The Wuqiao International Acrobatics Festival is held biennially, generally from late October to early November. Major features of the festival include acrobatic competitions and exhibitions, traditional folk art performances and international circus forums. Circuses from over 40 countries and regions around the world have participated in the festival, and thus it has become known as "the biggest acrobatic event in the east."
The Birthplace of Chinese Circus
The acrobatic arts are very popular among Wuqiao locals. There is a saying: "All people in Wuqiao, from the 99-year-olds to the toddlers, are acrobats." Strolling around town, it's easy to see how much a part acrobatics is of daily life. Children somersault on streets; youngsters balance umbrellas on their noses; farmers practice plate spinning next to their fields, and at wedding banquets the bride and bridegroom distribute sweets and cigarettes to guests using sleights of hand and amazing magic tricks. At present, the county is home to nearly 10,000 acrobatics practitioners and more than 100 troupes.
Acrobatics has a long tradition in Wuqiao. According to the county's annals, local people traditionally liked to dress up in colorful costumes and masks of beasts and perform acrobatic feats at festivals, weddings and birthday celebrations. Every year after the autumn harvest, an acrobatic fair would be held from the mid-eighth to the mid-ninth lunar month. It was an occasion for acrobats, magicians and puppeteers from all over the country to compete and learn from one another, visit masters and peers, and set up circus troupes. At the same time, circus props such as knives and swords, and some animals, such as dogs, monkeys, bears and snakes, would be sold at the fair. When the fair ended, players and troupes continued on with their nomadic lifestyle, roaming China and even abroad in order to earn a living performing stunts.

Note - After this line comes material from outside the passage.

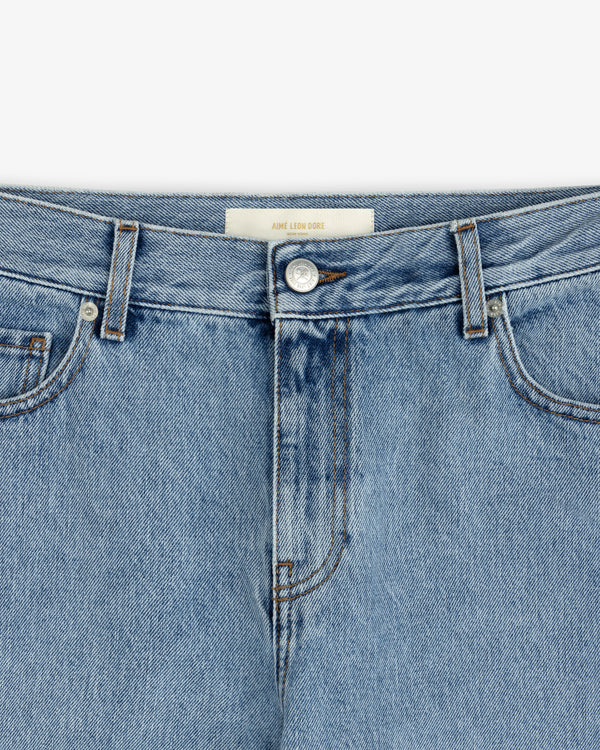 Close-up of ALD Relaxed Fit Denim light-wash blue jeans featuring a button fly and a branded waistband label.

The Wuqiao people's predisposition to acrobatics could be attributed to the local natural environment. Wuqiao is located in the lower reaches of the Yellow River. The Beijing-Hangzhou Grand Canal flows through the county in the west. Criss-crossing rivers and creeks cover a majority of the county's land area, making it prone to flooding, and the soil itself is infertile, making agriculture unprofitable. Local people therefore had to learn other skills such as acrobatics to forge a living.
Acrobatics in Wuqiao falls into many schools, all with different features. In the mid-Ming Dynasty (1368-1644), two schools had gradually been developed – the East and the West. The West School grew faster, becoming popular all over Wuqiao County and was divided into several branches, including the Lius' martial arts and equestrianism, the Qis' qigong and the Taos' magic and tricks. All branches were traditionally distinctive from one another. As communication and exchanges increased, however, the different branches gradually integrated and became one. In 1917, Wuqiao acrobat Sun Fuyou recruited the best performers belonging to different branches and set up China's first big circus and went on to win renown throughout Southeast Asia.

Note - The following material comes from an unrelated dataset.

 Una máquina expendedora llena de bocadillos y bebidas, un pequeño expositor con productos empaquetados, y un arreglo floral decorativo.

Traditional Wuqiao acrobatics falls into four categories (martial arts, sideshows, animal training and magic tricks) and 13 types (martial arts, balancing with head, juggling with feet, hand tricks, trick-cycling, horsemanship, tricks high in the air, wire-walking, jumping through the rings, vocal imitation, mouth tricks, magic and others, such as kicking the shuttlecock and juggling diabolos). Apart from handing down cherished techniques from generation to generation of apprentices, Wuqiao acrobats ensure the vitality of this cultural heritage by learning and incorporating other art forms, creating new spectacles such as lion dancing, flag performances, "cage of death" car stunts, double-swinging and many more.
In this year's festival, acrobats introduced the concept of "new acrobatics," which integrated acrobatics into other art forms like dance and music. This came with the application of new technologies so as to bring high-level visual and sound effects to the performances.